No offense taken, I'm not struggling to scrounge them up. I'm only 21 and just starting off in the industry. Which is why I'm asking these questions now, so I'm not trying to take the exam now or even worried about it. More so just interested if it's a good certification and not like an IT cert that means nothing.


----------



## Footer

derekleffew said:


> No offense intended toward your father, but I disagree. I know many "real" journeyman electricians who would not pass, as they have no knowledge of, nor experience with, sections 1A3, 1A8, 1B, 1C3-5, 1D, 1E6-9, (to name a few), of the test content.



Sorry, meant he would be able to take the test and if he passed it he could become certified. All in all, what I was trying to say is ETCP recognizes that industrial electricians can bring something to the entertainment industry.


----------



## museav

derekleffew said:


> It is specifically for this reason that the ETCP program was created--entertainment is an animal like no other. One shouldn't (necessarily) expect a crane operator to pass the rigger's exam, nor a licensed electrician to pass the entertainment electrician exam.
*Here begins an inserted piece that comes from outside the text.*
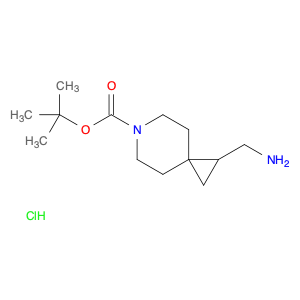 6-Azaspiro[2.5]octane-6-carboxylic acid, 1-(aminomethyl)-, 1,1-dimethylethyl ester, hydrochloride …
That also works both ways, an ETCP certified Entertainment Electrician may not be able to pass an Electrical Contractor exam or know all of the aspects involved in site and facility power. Someone who is both ETCP certified as an Entertainment Electrician and a Licensed Electrical Contractor, especially if there is a General or 'umbrella' license, may have a better perspective of how the two aspects interact. We could also get into how "Electrician" or "Electrical Contractor" usually relates to application and "Electrical Engineer" to system design. In the construction world EEs design the power systems, ECs install them. Two different roles, two different professional licenses.


----------